Content starts

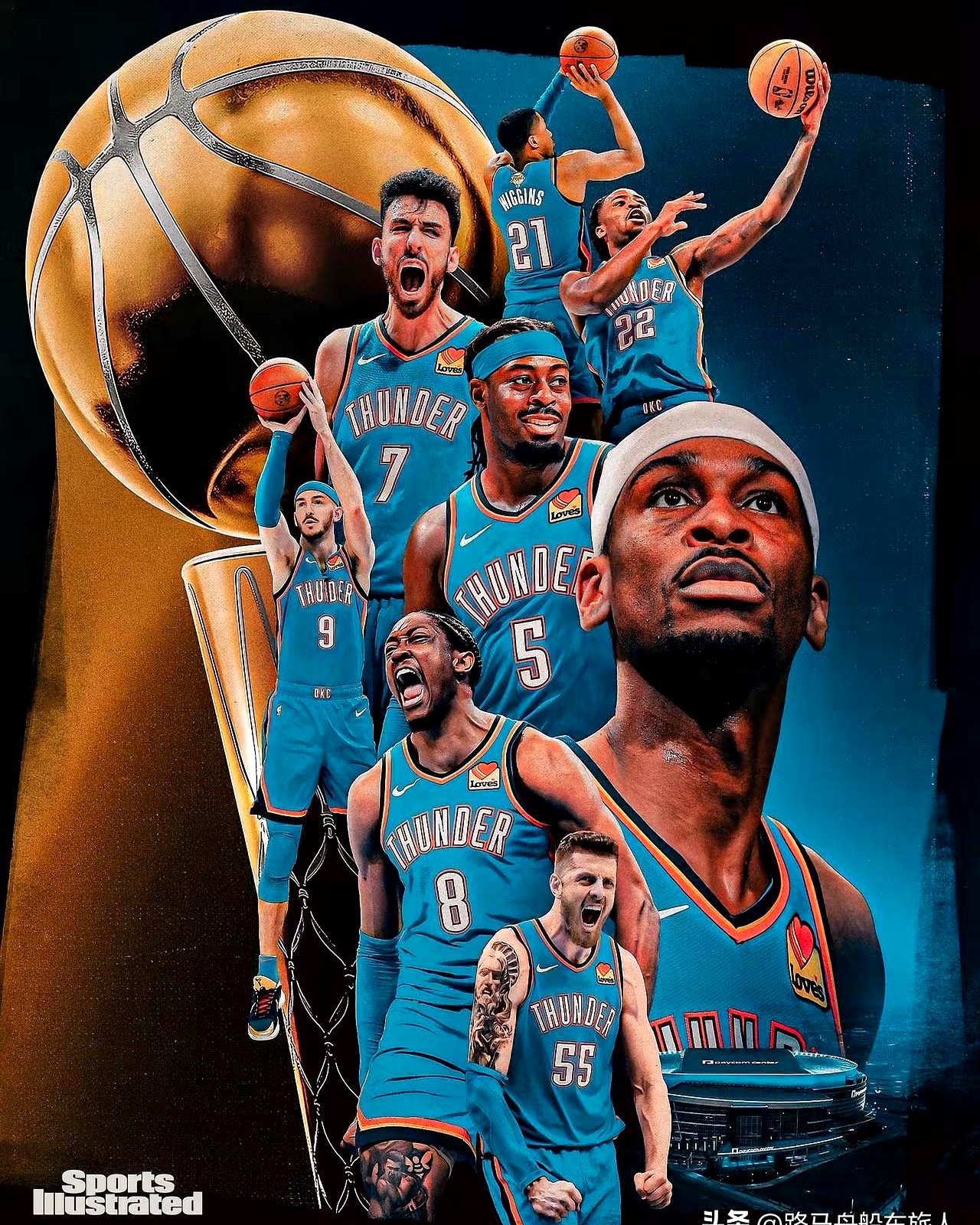 勇士绝杀爵士,拉文扛起全队 勇士绝杀爵士,拉文扛起全队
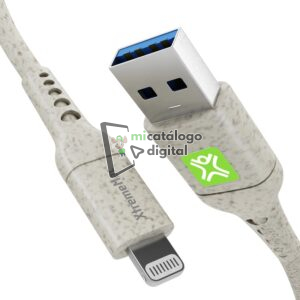 import placeholder for 10101
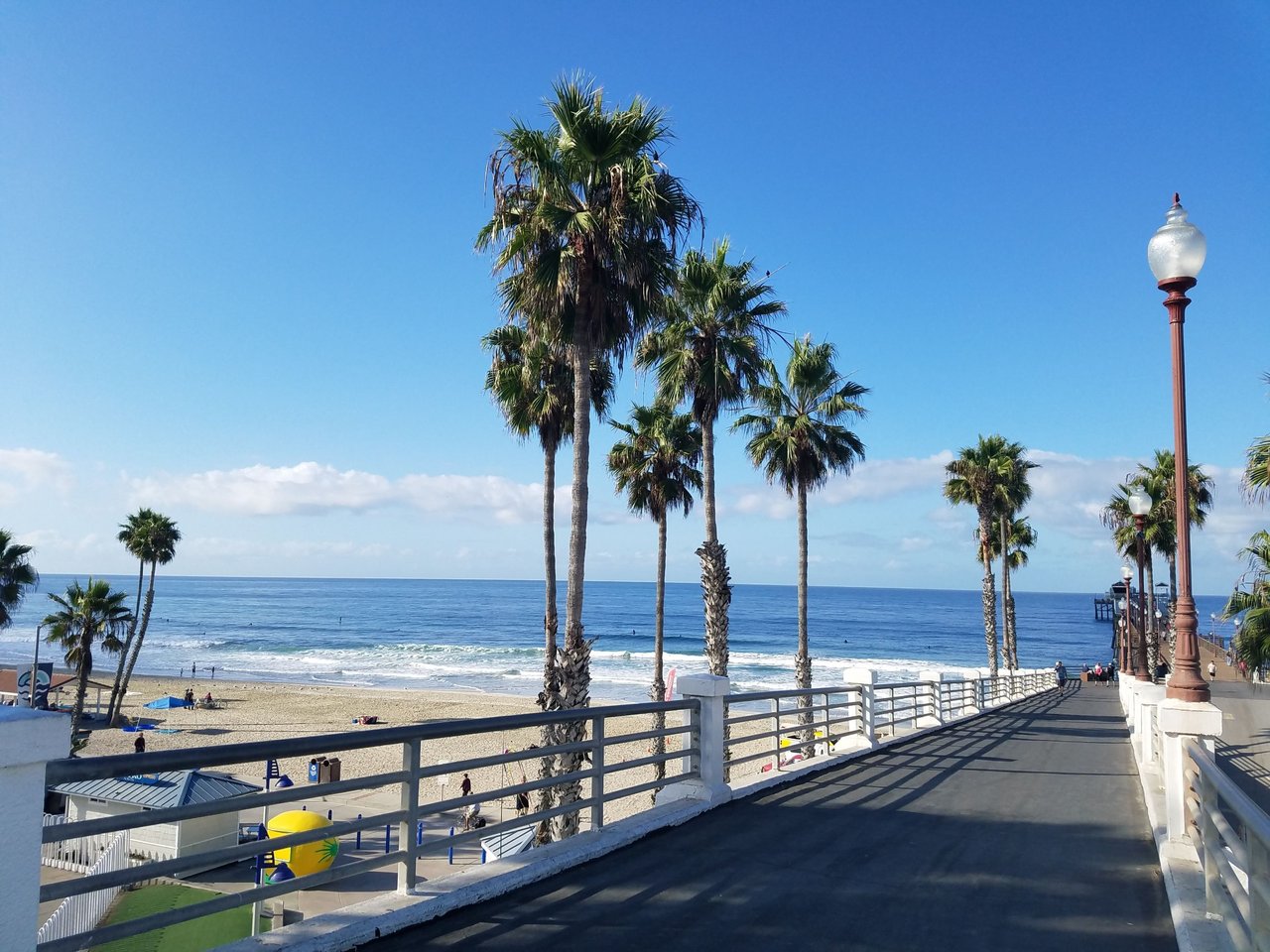 Solana Beach Market Report November 2025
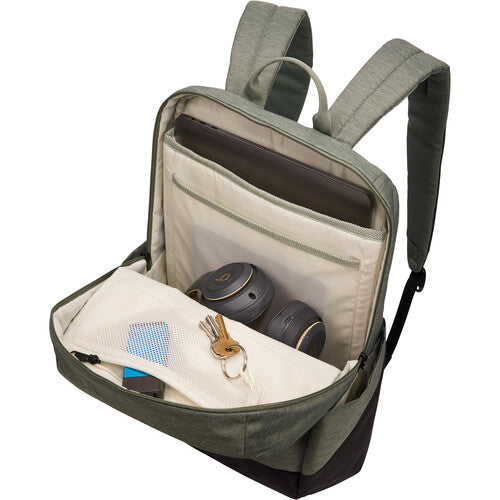 Thule Lithos Backpack 20L, view 10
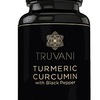Truvani - http://www.testonutra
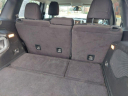 Thumbnail image of 2016 Jeep Cherokee at 757 AUTO BROKERS LLC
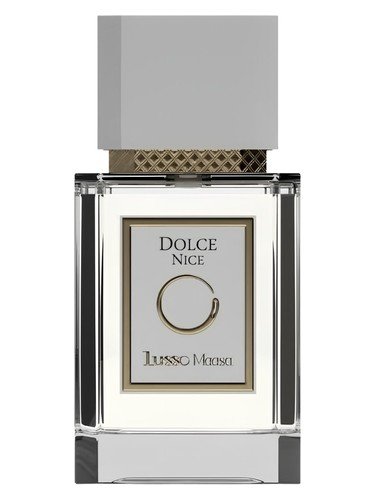 Dolce Nice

Content ends

Transcribe exactly, and without any pictures, each line from the one that holds "Thule Lithos Backpack 20L, view 10" through the final line of the material above.

 Thule Lithos Backpack 20L, view 10
Truvani - http://www.testonutra
 Thumbnail image of 2016 Jeep Cherokee at 757 AUTO BROKERS LLC
 Dolce Nice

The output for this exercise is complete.